Disciplina, sí. Obediencia debida, no. En una carta que le mandó al caudillo santafesino Estanislao López, que convendría leer en voz alta a nuestros hijos un par de veces al año, le dice: “Divididos seremos esclavos”.
Justo hoy que estamos tan enfrentados, tan fragmentados como sociedad. Justo hoy que la grieta que abrió el gobierno en esta década nos llevará años poder cerrar.
San Martín era el que se bancaba con una valentía increíble su solitaria lucha contra el asma y el reuma. El que se levantaba tempranísimo para poder tolerar sus úlceras gástricas, que lo llevaban a fumar opio para calmar los terribles dolores que tenía.
Era austero y honrado hasta la obsesión. Incluso le hizo quemar a su esposa Remedios los fastuosos vestidos de París que tenía porque decía que no eran lujos dignos de un militar.
Manejó cataratas de fondos públicos y murió sin un peso, muy lejos de Puerto Madero en todo sentido. En su testamento se negó a todo tipo de funerales. La muerte lo encontró en el exilio, casi ciego.
Hay muchas formas de intentar definirlo en pocas palabras. El Gran Capitán, el Libertador de América o El Santo de la Espada. Por lejos, es el argentino más grande de todos los tiempos.
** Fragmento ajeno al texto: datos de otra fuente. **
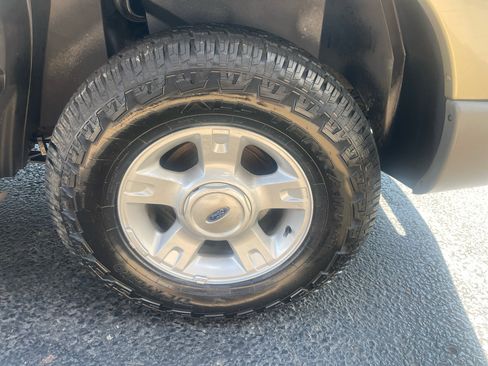 Used 2002 Ford Explorer Sport Trac 4x4 image 14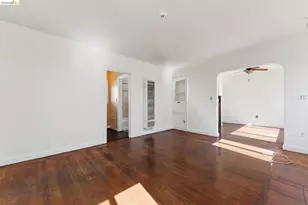 978 43rd St, Oakland, CA 94608 - Photo 8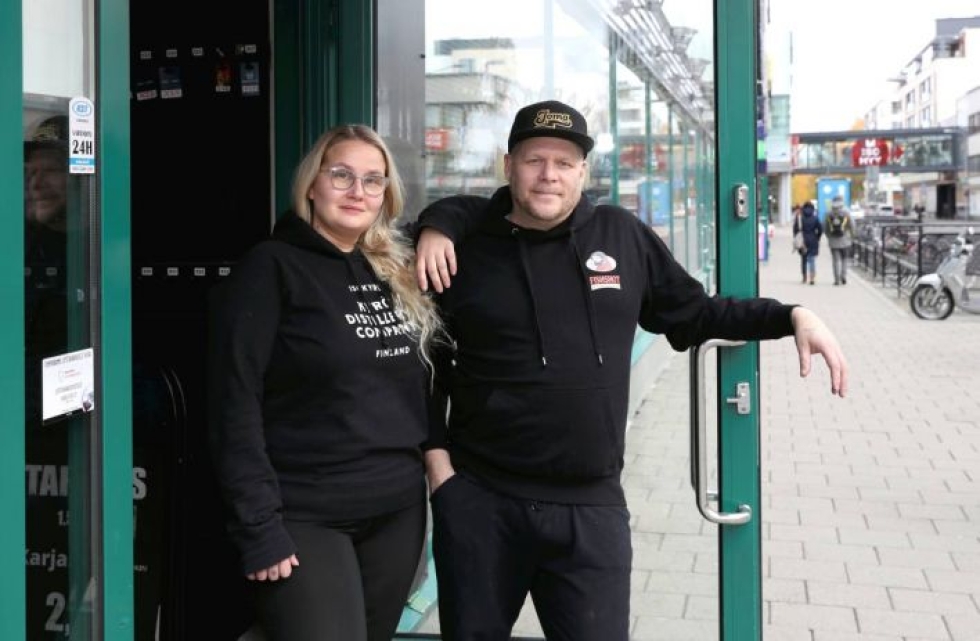 Hanna Naumanen ja Jussi Viljala avaavat uuden ravintolan Joensuun keskustaan Niskakadulle.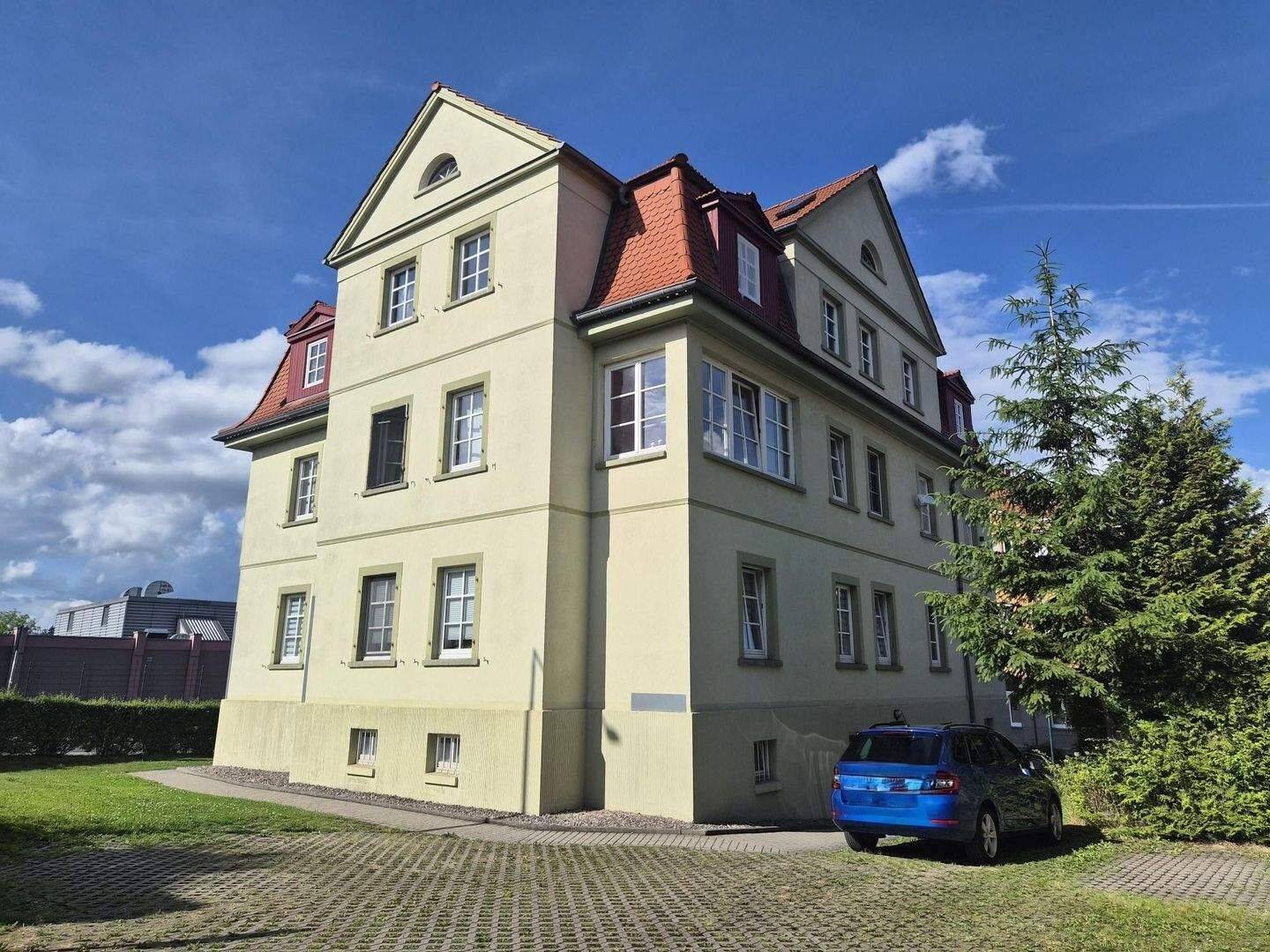 BESICHTIGUNGSTERMIN BITTE TELEFONISCH VEREINBAREN - 3 Raumwohnung im 1.OG mit Stellplatz in gepflegten Mehrfamilienhaus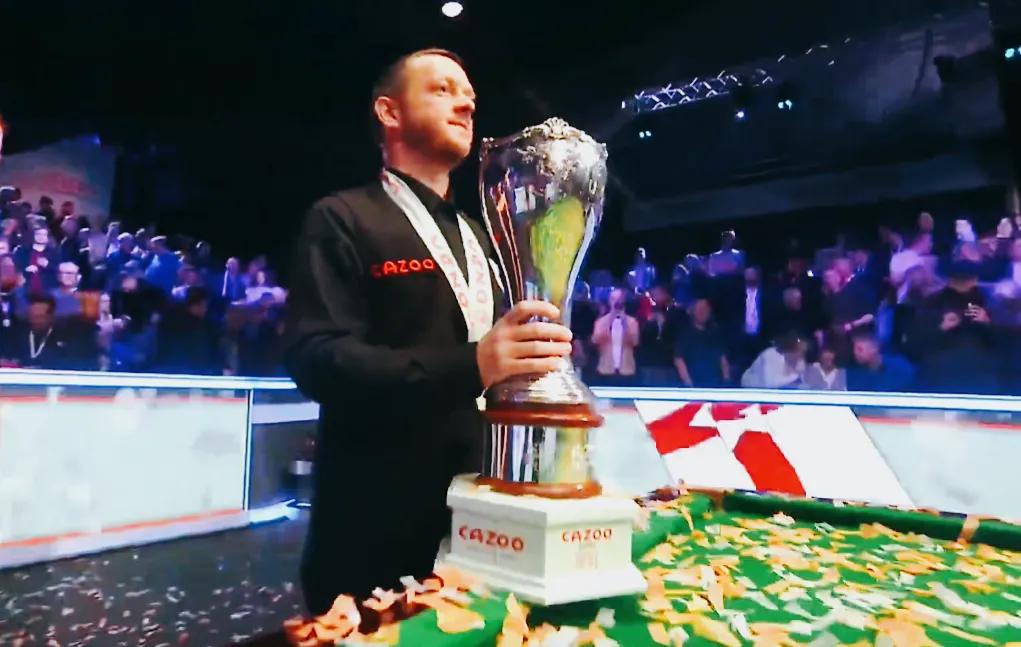 丁俊晖现在的最新比赛情况,丁俊晖0-5袁思俊赛后采访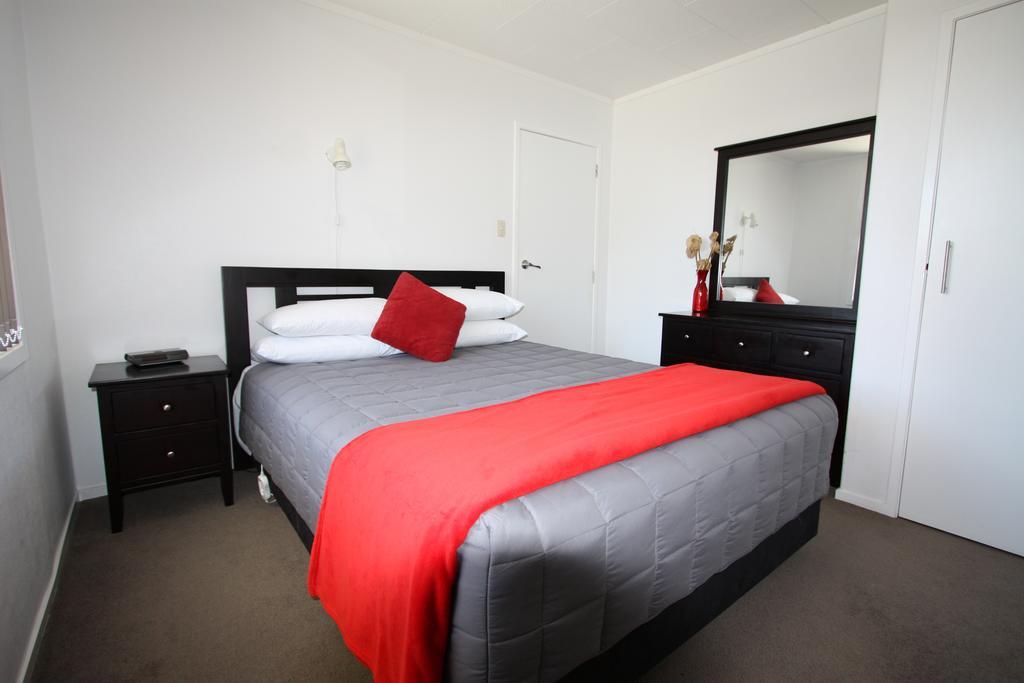 Waikanae Beach Top 10 Holiday Park Гисборн Номер фото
Para mí es el Padre de la Patria. Por eso hoy lo necesitamos más que nunca. ¡Qué bien que nos vendría en estos tiempos de cólera su sabiduría y su coraje patriótico!
Qué bien que nos vendría que bajara del bronce o se escapara de los libros para darnos cátedra de cómo ser un buen argentino. Porque todavía vive en el corazón de los argentinos.
Porque todavía lo necesitamos para recuperar la confianza en nosotros mismos. Para reafirmar nuestra identidad y para que siga sembrando utopías libertarias en el seno de nuestro pueblo y por todos los rincones de nuestra bendita Argentina.
Para que nos siga iluminando aun en los momentos más oscuros.
Es el Padre de la Patria y nosotros, sus hijos, debemos honrar su memoria tratando de multiplicar sus valores y de construir una Argentina a su imagen y semejanza.
Llegó la hora de ponernos de pie. Ya pasaron 164 años de su muerte.Tenemos que hacernos cargo y juramentarnos. Es la ley de la vida. Sin nuestro padre, tenemos que construir una patria justa para nuestros hijos. (Gentileza Radio Mitre).